Pursuant to the National System of Conservation Units (SNUC) law passed in 2000, each of the units of sustainable use (which allows the presence of residents), as well as those of total protection (which doesn’t), should have a management plan.

The plan is a technical instrument defining the general purposes of the unit and its zoning, with rules for natural resource use in each part of the unit. Once a conservation unit is created, it has five years for its management plan to be approved.

The SNUC furthermore determines that total protection units and national forests (one of the models of sustainable use units) should have an Advisory Council, responsible for approving and monitoring compliance with the management plan.

The council should be made up of representatives of the government, civil society, and, in the case of national forests, the residents. Other sustainable use units (extraction reserves and sustainable development reserves) should also have a Deliberative Council, likewise including the participation of NGOs and residents’ associations, with decision-making power.

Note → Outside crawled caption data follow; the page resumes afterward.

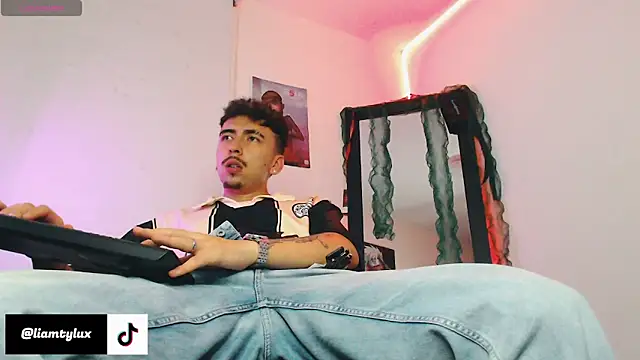 Snapshot of liamty_luxor chatting on 01-10-26, 05:20 liamty luxor online show from 01-10-26, 05:20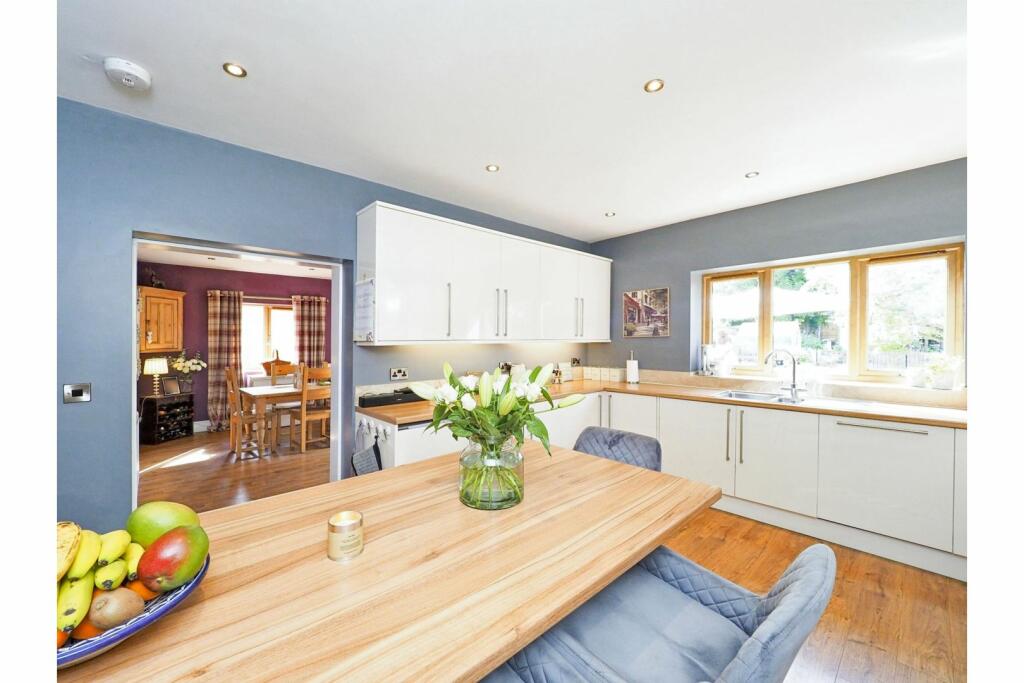 4 bedroom detached house for sale in Brook Road, Borrowash, DE72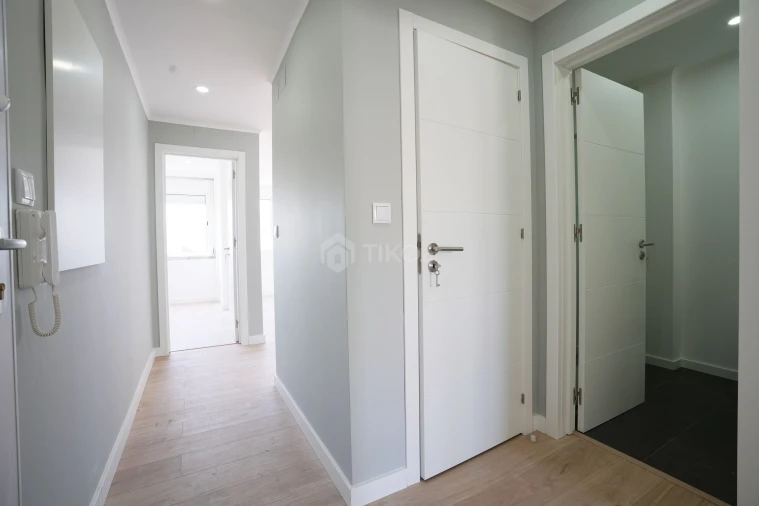 Apartamento T2 para Venda em Odivelas Foto 8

According to André Cruz, a technical specialist with the National Council of Traditional Populations (CNPT) at the Brazilian Institute of the Environment and Renewable Natural Resources (IBAMA), none of the country’s 44 federal extractive reserves has an officially constituted management plan or deliberative council.

Data provided by the IBAMA public relations office indicate that as of January of this year, president Lula’s Administration had created 20 conservation units (containing 8.56 million hectares).

12 of the units, with 8.43 million hectares, are located in the Amazon. Of the 20 units, eight are for total protection (4.44 million hectares), and 12, for sustainable use (4.12 million hectares).